Accade raramente che un consesso accademico si trovi a far convogliare studiosi da ogni parte del mondo per discutere di un argomento di stringente attualità. È questo il caso di Urbino, dove il 9 e 10 ottobre, organizzato dal Dipartimento di Giurisprudenza, si terrà il seminario internazionale dal titolo «Quo vadis Europa? Stabilità e crescita nell’ordinamento europeo».

Giuristi, economisti, storici e filosofi affronteranno quello che forse è l’argomento principe il vecchio continente: esiste veramente un’Europa? E se sì, con quali caratteristiche, per fare cosa e andare dove in una realtà globale profondamente mutata?

E l’Italia, all’interno di questo discorso, quale ruolo può svolgere per non rimanere schiacciata dalle politiche di austerità imposte dalla finanza internazionale, ma anche per sperare in una crescita economica e in politiche che affrontino un disagio sociale ormai ai limiti della tollerabilità?

La dicotomia troppo netta fra rigore e sviluppo, sta alimentando frustrazione e rabbia nei cittadini europei, che ha un sintomo nella crescita di movimenti populistici e demagogici i quali, cavalcando il disagio sociale, si fanno portatori di soluzioni radicali.

«Ciò che è in discussione – affermano Antonio Cantaro e Yuri Kazepov, docenti urbinati e organizzatori del seminario – è il telos del processo integrativo, ossia il progetto di una Unione sempre più stretta dei popoli europei, che non sia soltanto integrazione monetaria (con tanto di sottomissione al modello ideologico americano), ma anche integrazione geografica, economico-giuridica e, naturalmente, politico-sociale».

Diffusa è la convinzione che l’Europa abbia smarrito il suo motivo originario di realtà unificata secondo un modello sociale specifico, per trasformarsi gradualmente in una sorta di «Nato americana» incapace di esercitare un ruolo autonomo e attivo nel contesto internazionale. Più che in una nuova fase di crescita, l’Unione europea sembra inoltre essere entrata in una nuova fase della crisi. Mario Draghi ha forse salvato l’euro, ma l’Unione nel suo complesso continua a non produrre crescita e occupazione, continuando, anzi, a bruciare ricchezza. La crisi economica è, peraltro, solo la punta dell’iceberg, e il contestuale venir meno della fiducia rispetto al processo di integrazione rappresenta il cuore della crisi esistenziale dell’Unione.

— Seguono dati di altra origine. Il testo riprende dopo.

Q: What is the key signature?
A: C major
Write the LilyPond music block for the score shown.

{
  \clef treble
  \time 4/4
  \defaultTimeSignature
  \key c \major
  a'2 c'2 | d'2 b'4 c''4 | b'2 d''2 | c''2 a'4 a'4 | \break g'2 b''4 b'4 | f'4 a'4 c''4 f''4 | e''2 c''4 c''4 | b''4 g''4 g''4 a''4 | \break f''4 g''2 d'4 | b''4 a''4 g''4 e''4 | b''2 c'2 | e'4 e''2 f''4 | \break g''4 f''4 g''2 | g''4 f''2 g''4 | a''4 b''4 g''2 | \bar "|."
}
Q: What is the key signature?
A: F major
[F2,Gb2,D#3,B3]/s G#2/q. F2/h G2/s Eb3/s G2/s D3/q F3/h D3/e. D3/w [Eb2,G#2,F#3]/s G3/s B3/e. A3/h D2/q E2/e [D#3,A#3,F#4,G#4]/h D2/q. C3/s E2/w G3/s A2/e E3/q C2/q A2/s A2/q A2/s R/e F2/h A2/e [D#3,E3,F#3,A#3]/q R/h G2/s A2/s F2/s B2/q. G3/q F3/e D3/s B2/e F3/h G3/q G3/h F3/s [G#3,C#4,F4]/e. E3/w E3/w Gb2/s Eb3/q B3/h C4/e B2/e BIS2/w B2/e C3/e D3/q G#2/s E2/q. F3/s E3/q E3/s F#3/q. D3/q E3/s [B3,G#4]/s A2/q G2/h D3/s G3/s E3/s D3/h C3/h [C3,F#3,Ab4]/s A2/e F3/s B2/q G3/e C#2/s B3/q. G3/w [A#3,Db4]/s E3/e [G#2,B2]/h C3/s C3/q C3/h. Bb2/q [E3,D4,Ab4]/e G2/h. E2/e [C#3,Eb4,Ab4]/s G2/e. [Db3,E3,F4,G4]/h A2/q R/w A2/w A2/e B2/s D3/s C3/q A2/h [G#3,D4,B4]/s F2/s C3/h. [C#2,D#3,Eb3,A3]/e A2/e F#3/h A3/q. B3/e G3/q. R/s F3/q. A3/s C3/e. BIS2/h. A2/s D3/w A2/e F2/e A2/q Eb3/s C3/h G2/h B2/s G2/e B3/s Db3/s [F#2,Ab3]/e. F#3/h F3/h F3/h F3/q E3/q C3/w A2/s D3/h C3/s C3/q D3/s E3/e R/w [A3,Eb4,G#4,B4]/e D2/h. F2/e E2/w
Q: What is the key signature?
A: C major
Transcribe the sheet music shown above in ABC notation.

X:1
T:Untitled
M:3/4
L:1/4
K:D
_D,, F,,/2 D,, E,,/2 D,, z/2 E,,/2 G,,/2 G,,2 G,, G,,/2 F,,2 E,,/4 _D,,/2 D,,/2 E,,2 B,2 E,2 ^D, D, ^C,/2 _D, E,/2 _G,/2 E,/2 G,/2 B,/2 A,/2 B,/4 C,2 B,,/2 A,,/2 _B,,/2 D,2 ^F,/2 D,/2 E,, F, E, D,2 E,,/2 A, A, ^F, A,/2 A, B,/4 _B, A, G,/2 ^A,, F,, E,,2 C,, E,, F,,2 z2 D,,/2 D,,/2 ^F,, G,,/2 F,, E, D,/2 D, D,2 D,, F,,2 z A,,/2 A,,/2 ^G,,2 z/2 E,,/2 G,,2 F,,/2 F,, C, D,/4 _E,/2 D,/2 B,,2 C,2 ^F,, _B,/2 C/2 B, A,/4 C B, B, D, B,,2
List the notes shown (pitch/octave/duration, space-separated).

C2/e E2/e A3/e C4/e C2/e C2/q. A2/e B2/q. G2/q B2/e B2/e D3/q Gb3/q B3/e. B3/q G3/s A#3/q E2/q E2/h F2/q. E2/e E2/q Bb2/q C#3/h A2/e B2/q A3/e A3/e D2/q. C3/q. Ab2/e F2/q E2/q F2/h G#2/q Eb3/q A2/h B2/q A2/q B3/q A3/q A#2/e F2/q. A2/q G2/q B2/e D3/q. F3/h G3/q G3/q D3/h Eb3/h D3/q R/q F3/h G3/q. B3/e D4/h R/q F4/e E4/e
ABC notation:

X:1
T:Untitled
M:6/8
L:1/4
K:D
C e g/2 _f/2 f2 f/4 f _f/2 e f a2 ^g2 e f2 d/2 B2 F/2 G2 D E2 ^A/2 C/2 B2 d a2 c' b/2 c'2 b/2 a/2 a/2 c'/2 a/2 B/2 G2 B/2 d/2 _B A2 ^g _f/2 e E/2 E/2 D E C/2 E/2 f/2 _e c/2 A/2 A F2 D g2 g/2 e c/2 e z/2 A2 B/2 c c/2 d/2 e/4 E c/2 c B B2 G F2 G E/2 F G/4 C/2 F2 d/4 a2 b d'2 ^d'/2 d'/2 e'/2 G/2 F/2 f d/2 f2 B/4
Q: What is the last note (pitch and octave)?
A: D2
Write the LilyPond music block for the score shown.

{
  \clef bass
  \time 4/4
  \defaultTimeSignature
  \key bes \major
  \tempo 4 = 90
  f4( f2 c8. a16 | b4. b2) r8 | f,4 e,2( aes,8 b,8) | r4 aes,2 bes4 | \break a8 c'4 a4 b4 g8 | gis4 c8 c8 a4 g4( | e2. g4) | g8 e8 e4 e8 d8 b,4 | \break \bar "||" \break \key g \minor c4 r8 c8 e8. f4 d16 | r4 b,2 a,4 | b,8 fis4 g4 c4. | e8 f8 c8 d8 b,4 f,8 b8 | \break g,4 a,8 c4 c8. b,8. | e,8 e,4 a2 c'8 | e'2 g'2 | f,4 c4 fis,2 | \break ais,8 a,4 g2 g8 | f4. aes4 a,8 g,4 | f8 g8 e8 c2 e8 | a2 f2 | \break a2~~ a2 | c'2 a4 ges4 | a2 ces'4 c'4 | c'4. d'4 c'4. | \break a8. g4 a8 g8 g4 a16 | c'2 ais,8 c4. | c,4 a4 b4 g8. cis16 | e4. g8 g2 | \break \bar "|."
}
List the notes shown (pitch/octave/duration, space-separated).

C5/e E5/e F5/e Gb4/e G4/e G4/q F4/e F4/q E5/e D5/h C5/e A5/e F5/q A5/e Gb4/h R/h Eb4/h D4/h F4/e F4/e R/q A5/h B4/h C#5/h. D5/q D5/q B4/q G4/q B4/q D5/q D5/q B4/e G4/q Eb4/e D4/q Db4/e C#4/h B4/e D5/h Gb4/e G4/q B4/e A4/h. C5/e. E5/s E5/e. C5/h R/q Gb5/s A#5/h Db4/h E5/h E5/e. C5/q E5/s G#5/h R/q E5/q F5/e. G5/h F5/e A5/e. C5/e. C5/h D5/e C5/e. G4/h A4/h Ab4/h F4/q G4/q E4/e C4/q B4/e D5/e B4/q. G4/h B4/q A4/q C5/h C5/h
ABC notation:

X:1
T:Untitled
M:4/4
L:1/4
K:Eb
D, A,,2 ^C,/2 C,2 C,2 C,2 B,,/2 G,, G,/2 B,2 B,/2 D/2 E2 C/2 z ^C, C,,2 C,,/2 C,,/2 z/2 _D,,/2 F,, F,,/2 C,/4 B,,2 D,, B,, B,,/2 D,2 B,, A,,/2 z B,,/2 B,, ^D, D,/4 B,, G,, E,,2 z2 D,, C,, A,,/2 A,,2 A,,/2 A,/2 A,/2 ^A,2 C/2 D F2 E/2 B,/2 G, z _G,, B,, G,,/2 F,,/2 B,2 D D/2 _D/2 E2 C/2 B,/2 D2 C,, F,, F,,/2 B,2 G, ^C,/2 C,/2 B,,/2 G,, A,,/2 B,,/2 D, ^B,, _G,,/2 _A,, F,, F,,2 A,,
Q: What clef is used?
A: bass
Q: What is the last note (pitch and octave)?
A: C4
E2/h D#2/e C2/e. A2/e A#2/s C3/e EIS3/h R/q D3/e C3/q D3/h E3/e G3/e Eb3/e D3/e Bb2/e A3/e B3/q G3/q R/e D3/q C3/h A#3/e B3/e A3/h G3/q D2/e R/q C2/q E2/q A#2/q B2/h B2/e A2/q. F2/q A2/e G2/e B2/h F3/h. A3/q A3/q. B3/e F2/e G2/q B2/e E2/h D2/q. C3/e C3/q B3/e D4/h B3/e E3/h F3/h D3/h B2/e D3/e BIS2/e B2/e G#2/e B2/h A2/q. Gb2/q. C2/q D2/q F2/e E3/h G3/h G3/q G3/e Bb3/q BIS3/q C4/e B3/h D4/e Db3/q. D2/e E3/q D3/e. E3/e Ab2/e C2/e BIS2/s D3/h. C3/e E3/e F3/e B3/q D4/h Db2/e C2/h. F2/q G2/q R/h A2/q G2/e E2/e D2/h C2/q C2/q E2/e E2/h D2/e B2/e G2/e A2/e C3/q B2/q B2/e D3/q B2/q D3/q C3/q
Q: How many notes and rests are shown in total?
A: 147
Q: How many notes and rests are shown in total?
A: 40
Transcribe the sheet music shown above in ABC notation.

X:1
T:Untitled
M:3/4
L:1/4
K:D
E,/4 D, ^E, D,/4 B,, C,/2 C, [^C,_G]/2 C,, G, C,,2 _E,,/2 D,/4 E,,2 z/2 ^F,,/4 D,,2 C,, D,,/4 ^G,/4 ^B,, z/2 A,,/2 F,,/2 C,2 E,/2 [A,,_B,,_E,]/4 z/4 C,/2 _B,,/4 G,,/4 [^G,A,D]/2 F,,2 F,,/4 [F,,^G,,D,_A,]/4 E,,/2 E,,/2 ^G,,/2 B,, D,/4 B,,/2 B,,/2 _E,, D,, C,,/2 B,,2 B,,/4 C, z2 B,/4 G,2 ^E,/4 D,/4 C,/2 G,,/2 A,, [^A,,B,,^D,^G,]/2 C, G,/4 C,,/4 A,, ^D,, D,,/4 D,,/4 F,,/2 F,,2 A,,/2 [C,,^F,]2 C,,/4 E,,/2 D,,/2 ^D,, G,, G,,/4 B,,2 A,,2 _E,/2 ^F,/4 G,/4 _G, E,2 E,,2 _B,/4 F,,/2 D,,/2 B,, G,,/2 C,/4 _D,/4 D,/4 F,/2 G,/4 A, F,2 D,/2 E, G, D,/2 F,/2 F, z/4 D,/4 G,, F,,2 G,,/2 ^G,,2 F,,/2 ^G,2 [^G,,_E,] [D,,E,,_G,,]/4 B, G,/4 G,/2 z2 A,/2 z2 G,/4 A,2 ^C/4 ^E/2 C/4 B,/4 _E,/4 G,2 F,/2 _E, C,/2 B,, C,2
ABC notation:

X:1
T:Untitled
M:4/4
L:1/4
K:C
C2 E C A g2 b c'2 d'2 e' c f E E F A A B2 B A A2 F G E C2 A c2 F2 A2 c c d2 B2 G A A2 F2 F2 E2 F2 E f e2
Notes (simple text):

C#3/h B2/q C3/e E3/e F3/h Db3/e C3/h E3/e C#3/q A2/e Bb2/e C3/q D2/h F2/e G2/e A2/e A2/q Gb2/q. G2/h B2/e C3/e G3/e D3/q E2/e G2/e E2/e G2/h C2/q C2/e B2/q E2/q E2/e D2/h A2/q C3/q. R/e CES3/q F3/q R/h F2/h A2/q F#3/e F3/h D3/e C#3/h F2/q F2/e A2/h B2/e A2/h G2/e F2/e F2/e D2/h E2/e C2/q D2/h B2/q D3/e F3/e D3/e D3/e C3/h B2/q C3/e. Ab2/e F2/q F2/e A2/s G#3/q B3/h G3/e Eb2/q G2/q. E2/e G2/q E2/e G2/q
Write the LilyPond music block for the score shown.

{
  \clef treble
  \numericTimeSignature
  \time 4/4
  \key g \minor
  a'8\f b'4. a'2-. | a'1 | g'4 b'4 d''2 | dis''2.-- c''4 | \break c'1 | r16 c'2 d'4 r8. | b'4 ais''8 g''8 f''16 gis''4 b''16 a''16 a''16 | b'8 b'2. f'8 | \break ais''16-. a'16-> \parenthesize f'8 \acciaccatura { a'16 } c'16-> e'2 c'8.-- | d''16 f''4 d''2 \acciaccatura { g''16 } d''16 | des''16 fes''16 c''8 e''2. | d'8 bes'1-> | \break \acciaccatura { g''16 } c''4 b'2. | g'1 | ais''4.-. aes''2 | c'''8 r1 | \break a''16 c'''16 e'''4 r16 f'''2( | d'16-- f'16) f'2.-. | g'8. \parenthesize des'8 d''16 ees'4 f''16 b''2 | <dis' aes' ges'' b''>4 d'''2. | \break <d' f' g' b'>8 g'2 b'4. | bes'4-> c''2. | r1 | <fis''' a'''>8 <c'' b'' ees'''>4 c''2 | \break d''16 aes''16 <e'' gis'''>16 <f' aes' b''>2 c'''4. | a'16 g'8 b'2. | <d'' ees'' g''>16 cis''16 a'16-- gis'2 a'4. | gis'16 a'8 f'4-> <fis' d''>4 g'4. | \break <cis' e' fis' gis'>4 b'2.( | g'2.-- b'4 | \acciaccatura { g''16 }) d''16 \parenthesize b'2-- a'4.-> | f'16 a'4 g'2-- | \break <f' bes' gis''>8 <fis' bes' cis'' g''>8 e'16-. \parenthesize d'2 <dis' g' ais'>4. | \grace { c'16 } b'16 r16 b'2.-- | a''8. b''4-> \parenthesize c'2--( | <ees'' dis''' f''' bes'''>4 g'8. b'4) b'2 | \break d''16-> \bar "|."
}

Con queste complesse questioni si confronteranno nel seminario internazionale alcuni dei più autorevoli osservatori e studiosi del processo di integrazione sovranazionale. Il seminario, che si svolgerà da giovedì 9 ottobre (ore 14.30) fino a venerdì 10 ottobre (ore 19.30) presso l’Aula Magna del Dipartimento di Giurisprudenza sarà introdotto dalla relazione del Professore Christian Joerges (Università di Brema e Berlino). L’iniziativa seminariale si articola in tre distinte sessioni nelle quali interverranno, tra gli altri: Francisco Balaguer Callejón (Università di Granada), direttore della Revista de Derecho constitucional europeo; Stelio Mangiameli (Università di Teramo), direttore dell’Issirfa-Cnr; Leonardo Paggi (Università di Firenze), direttore dell’Associazione per la Storia e le Memorie della Repubblica; Paolo De Ioanna, giudice del Consiglio di Stato; Claudio Gnesutta (Università La Sapienza di Roma) collaboratore di Sbilanciamoci; Marcello Degni (Università di Pisa); Miguel Ángel García Herrera e Gonzalo Maestro Buelga (Università del Pais Vasco); Ugo Ascoli (Università di Ancona); Stefano Giubboni (Università di Perugia. Il seminario sarà concluso dall’intervento del Presidente dell’Associazione italiana dei costituzionalisti, Antonio D’Atena (Università di Roma Tor Vergata).